Furthermore, if Israel does not stop the bombs and the tanks, and agrees to lift the siege soon, no amount of humanitarian aid could save the Palestinians in Gaza. As Philippe Lazzarini, head of the UN’s agency for Palestinian refugees, has recently warned, if it is not stopped soon, Israel’s war on Gaza, combined with its relentless siege, will unleash a humanitarian “tsunami” of catastrophic proportions, with not only bombs and bullets but also a variety of communicable diseases killing starving and fatigued civilians in their thousands.
Rather than entrusting the fate of Palestinians to Israel – and its Western benefactors – as has been the case since Oslo, the international community, led by the global majority, should take matters into its own hands and engineer a just solution involving important regional and global players.
The only way to provide a sustainable solution to this deep-rooted conflict is to acknowledge that it does not involve two actors on equal footing, but is rather between an occupying force (Israel) and an occupied population (the Palestinian people, both in Gaza and the West Bank). Any solution constructed and supported by the international community should also address the grievances of the millions of Palestinian refugees whose families have been in limbo since their forcible eviction from their homeland during the Nakba.
A piecemeal and superficial approach, either ignoring the true nature of and the primary grievances underpinning this conflict, or attempting to address just one sub-section of it (for example, providing a road map for Gaza alone), would be akin to responding to a raging forest fire by extinguishing the flames on the tree closest to us and calling it a day.
Any post-war arrangements should pave the way for the creation of an independent, sovereign Palestinian state. This means the proposed arrangement should allow Palestinians to live in peace and security with dignity, have opportunities to study and travel freely, and enjoy the same rights as the rest of the global community.
The experience from Kosovo’s transition under the guidance of the UN in the aftermath of the 1998-99 Kosovo war could provide a tried and tested template. The Kosovo Liberation Army (KLA), which led Kosovar resistance against Serbia, despite being classified as a terrorist organisation by the US and others until 1998, was allowed after the end of the war to play a leading role in the political process that ultimately led to the creation of independent Kosovo.
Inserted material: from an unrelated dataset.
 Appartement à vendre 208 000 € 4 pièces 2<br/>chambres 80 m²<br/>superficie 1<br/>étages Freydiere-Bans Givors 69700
Just like the KLA, Hamas is an armed resistance movement whose military ambitions exist only as far as the occupation exists and will cease the day Palestinians achieve their rights and can live with dignity and freedom.
Finally, if the rules-based world order has any hopes of surviving in the aftermath of Israel’s Western-sanctioned genocide in Gaza, the perpetrators of this crime against humanity cannot be allowed to walk away scot-free. The cost of reconstruction must be borne by Israel. It would be an injustice for those countries who have financed the reconstruction of Gaza following past wars to have to foot the bill once again. Furthermore, if the global community is serious about achieving sustainable peace in Palestine, and finally putting an end to decades of bloodshed, it should stop Israel from expanding its illegal settlement enterprise into Gaza, and start taking meaningful steps to ensure the creation of a sovereign Palestinian state – now.
The views expressed in this article are the author’s own and do not necessarily reflect Al Jazeera’s editorial stance.